7 Myths about Parenting that Can Make You Miserable

If anyone tells you their parents were perfect in every way, they are either terribly mistaken, lying, or their parents were angels in disguise. No parent is perfect. I’m not. You are not. The parents of our various cultural heroes weren’t either. Sometimes even the experts on parenting make a mess of things with their own kids.

Being imperfect comes with the job — especially if you are brand new at it. The first time you have a child of any age, you and your child are both figuring it out. The child is figuring out how to be whatever age she is. You are figuring out how to be a mother or father of a child that age. You really are stuck figuring it out together.

If your own parents weren’t particularly good role models for parenting, the primary lessons you will draw from them are in the category of what not to do. Hopefully, if you look for it, you’ll also find some strengths in even those flawed people. Maybe not. But do allow for the possibility that as an adult you will see some plusses in their parenting that you didn’t understand as a child or teen.

Even adults who had really, really good parents are flying by the seat of their pants. Parents these days are dealing with technologies, a political environment, cultural and environmental challenges, and social pressures that their parents didn’t need to manage. The world has always had dangers, but social media and the rapid news cycle now bring the potential for violence into every home and school. Your parents had no way to model what you should do in such a state of things.  

Bottom line? Most parents, most of the time, are doing their best to keep their children healthy, happy, and safe. All of us are making it up as we go along.

So let’s let go of myths about parenting that can make parents miserable.

Parenting Myths:

1. I have to raise perfect children.

Give that one up right away. If that’s your standard for your parenting, you will definitely fail. The first step to giving yourself a break (and to taking tension out of your household) is to admit that it is impossible. Your kids are complicated people who will, yes, respond to your parenting, but who will also respond to their peers, the social context, and whatever life throws at them. Since they are human, they will be imperfect.

2. Someone is doing a better job than I am.

It’s probably true but it doesn’t matter — as long as you are making a good effort at it. It’s more likely that people are parenting differently than you are, not that they are “better”. Parents have different priorities, different values, different cultural expectations, and different resources.

3. Someone out there knows how it “should” be done.  

Although there is good data about what is harmful to kids (like spanking, for example), researchers haven’t yet found the ideal way to raise kids. Why? Because raising kids is one of the most complicated things you will ever do. It can’t be reduced to a “cookbook” recipe. The only hard and fast rule for parenting well is to love your kids and keep them safe. After that, the details depend on our priorities, values, cultural expectations and resources (see #2).

4. I will do better than my parents

If a parent was abusive, addicted, mentally ill and untreated, or clueless, you will do your best to be a better parent.
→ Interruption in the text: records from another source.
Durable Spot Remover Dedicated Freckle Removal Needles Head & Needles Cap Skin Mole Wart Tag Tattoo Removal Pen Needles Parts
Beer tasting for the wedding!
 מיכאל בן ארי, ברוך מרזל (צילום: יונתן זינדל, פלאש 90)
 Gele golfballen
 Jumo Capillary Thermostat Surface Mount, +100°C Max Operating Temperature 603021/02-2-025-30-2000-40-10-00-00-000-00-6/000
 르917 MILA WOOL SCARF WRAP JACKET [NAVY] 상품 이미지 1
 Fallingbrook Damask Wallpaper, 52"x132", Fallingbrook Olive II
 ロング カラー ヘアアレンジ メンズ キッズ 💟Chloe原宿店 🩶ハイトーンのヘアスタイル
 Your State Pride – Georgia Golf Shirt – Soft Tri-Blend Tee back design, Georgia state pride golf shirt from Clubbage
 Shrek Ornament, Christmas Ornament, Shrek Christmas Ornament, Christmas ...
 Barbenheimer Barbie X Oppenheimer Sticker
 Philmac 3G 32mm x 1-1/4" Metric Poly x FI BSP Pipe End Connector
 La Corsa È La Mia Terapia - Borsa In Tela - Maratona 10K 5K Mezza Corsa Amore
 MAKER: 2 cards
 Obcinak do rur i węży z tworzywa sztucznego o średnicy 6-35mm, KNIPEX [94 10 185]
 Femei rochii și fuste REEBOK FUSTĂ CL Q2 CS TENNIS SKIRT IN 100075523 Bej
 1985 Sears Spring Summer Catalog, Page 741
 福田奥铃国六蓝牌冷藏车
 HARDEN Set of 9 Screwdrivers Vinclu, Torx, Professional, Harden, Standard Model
Certainly you will try hard to not make the same mistakes. But chances are you will make some mistakes of your own. I assure you, your children will be happy to tell you about it when they are young adults.

5. Children are scarred for life by the mistakes of their parents

It depends on the mistake. Kids who grow up with abusive or abandoning parents often have serious issues to sort through in order to become the adults they want to be. But if we’re talking about garden variety, well-intended parents, the kids will be all right. Losing your temper or spoiling them once in a while won’t damage them irrevocably when it’s in the context of love and generally good judgment. Not letting them do something they really, really want to do won’t either. Let’s face it: Your parents probably bungled it a number of times along the way and you’re doing okay.

6. It’s my job to teach them everything they need to know to be good adults.

It’s impossible. Chances are your kids are going to need skills we haven’t even heard of yet. As long as you nurture them and help them develop self-confidence in their ability to deal with problems, life will do the rest. Consider yourself: I guarantee you learned as much or more from your experiences in life as you learned from your parents.

7. I have to be good, right and perfect all the time to be a good enough parent.

No you don’t. Besides loving them, the most important thing is to be humble about being human. Do the best you can. Model the willingness to admit mistakes and/or change your mind when you get new information. Be willing to discard damaging ideas you learned as a kid and to adopt better ways of doing things from people you admire. You and your kids will muddle through their childhoods together.